Task goal> Output only the lines of the entries that follow, starting at the one with "Image No.32-3 Bed Villa for sale" and running down to the one with "1817 W St in", both included and unchanged.

START Data shown

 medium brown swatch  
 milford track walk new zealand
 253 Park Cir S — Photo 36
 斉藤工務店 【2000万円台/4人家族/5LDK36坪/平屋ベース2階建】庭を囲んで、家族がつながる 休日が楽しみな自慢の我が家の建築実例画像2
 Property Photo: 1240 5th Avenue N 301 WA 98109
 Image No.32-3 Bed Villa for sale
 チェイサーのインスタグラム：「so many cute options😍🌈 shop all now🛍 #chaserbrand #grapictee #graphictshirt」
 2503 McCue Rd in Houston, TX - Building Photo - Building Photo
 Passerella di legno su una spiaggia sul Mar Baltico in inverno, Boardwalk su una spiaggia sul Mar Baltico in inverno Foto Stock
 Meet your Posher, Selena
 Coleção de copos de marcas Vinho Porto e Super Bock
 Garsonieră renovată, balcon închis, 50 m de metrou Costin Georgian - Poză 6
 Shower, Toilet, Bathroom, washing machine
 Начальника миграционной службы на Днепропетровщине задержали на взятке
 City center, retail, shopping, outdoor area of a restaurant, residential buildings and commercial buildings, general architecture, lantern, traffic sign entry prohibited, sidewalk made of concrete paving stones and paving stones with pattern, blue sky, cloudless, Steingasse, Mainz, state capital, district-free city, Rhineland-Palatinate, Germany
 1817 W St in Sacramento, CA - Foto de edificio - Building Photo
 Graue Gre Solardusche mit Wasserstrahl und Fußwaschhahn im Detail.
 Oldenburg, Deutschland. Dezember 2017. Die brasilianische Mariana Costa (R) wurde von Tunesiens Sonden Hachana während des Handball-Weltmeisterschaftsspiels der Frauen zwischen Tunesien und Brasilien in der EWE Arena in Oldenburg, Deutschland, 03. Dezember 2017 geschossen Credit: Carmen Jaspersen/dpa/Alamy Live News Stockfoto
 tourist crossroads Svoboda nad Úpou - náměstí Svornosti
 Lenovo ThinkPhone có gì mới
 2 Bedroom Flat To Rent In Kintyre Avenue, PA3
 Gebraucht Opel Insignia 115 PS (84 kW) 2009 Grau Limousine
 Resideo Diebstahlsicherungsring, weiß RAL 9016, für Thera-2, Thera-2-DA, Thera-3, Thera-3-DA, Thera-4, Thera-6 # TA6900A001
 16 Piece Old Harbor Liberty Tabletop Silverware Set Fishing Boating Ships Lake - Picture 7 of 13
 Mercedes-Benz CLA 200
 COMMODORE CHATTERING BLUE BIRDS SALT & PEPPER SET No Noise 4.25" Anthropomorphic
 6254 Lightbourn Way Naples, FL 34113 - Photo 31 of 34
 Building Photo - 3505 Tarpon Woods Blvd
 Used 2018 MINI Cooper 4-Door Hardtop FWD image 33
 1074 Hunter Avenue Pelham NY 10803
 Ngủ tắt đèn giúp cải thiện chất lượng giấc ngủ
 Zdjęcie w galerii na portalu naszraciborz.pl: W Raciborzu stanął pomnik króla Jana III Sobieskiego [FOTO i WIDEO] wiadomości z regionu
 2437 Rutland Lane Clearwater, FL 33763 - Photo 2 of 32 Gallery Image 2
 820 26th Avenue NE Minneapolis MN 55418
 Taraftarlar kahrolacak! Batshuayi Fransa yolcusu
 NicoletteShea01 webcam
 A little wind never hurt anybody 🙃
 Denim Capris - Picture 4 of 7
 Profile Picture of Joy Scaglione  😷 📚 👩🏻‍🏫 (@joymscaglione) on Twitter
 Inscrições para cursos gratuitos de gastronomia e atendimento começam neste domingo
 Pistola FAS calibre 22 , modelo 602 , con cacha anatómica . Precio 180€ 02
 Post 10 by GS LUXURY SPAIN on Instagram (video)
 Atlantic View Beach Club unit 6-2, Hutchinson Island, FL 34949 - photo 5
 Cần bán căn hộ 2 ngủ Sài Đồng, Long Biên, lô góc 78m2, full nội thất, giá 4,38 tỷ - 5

END Data shown

Output of the exercise>
 Image No.32-3 Bed Villa for sale
 チェイサーのインスタグラム：「so many cute options😍🌈 shop all now🛍 #chaserbrand #grapictee #graphictshirt」
 2503 McCue Rd in Houston, TX - Building Photo - Building Photo
 Passerella di legno su una spiaggia sul Mar Baltico in inverno, Boardwalk su una spiaggia sul Mar Baltico in inverno Foto Stock
 Meet your Posher, Selena
 Coleção de copos de marcas Vinho Porto e Super Bock
 Garsonieră renovată, balcon închis, 50 m de metrou Costin Georgian - Poză 6
 Shower, Toilet, Bathroom, washing machine
 Начальника миграционной службы на Днепропетровщине задержали на взятке
 City center, retail, shopping, outdoor area of a restaurant, residential buildings and commercial buildings, general architecture, lantern, traffic sign entry prohibited, sidewalk made of concrete paving stones and paving stones with pattern, blue sky, cloudless, Steingasse, Mainz, state capital, district-free city, Rhineland-Palatinate, Germany
 1817 W St in Sacramento, CA - Foto de edificio - Building Photo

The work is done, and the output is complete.